* **What the task requires**
What is needed here is every record, retyped without any change.

Source records:
——

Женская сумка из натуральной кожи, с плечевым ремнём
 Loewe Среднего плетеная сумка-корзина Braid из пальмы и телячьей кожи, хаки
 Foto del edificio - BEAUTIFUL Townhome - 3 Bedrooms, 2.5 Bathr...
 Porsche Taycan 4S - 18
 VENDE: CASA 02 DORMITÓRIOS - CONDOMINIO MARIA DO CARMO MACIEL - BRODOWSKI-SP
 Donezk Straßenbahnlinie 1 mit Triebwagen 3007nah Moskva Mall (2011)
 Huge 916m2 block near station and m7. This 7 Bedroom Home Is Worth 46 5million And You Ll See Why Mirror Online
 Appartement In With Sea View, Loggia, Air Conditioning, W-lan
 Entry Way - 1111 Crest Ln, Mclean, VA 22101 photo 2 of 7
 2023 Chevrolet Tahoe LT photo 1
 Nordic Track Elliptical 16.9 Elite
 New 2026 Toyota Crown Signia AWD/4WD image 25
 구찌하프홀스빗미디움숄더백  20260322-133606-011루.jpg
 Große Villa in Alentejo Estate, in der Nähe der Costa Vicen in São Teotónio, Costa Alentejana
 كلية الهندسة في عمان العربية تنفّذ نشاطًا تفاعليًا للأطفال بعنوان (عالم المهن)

——

* **Answer box**
Женская сумка из натуральной кожи, с плечевым ремнём
 Loewe Среднего плетеная сумка-корзина Braid из пальмы и телячьей кожи, хаки
 Foto del edificio - BEAUTIFUL Townhome - 3 Bedrooms, 2.5 Bathr...
 Porsche Taycan 4S - 18
 VENDE: CASA 02 DORMITÓRIOS - CONDOMINIO MARIA DO CARMO MACIEL - BRODOWSKI-SP
 Donezk Straßenbahnlinie 1 mit Triebwagen 3007nah Moskva Mall (2011)
 Huge 916m2 block near station and m7. This 7 Bedroom Home Is Worth 46 5million And You Ll See Why Mirror Online
 Appartement In With Sea View, Loggia, Air Conditioning, W-lan
 Entry Way - 1111 Crest Ln, Mclean, VA 22101 photo 2 of 7
 2023 Chevrolet Tahoe LT photo 1
 Nordic Track Elliptical 16.9 Elite
 New 2026 Toyota Crown Signia AWD/4WD image 25
 구찌하프홀스빗미디움숄더백  20260322-133606-011루.jpg
 Große Villa in Alentejo Estate, in der Nähe der Costa Vicen in São Teotónio, Costa Alentejana
 كلية الهندسة في عمان العربية تنفّذ نشاطًا تفاعليًا للأطفال بعنوان (عالم المهن)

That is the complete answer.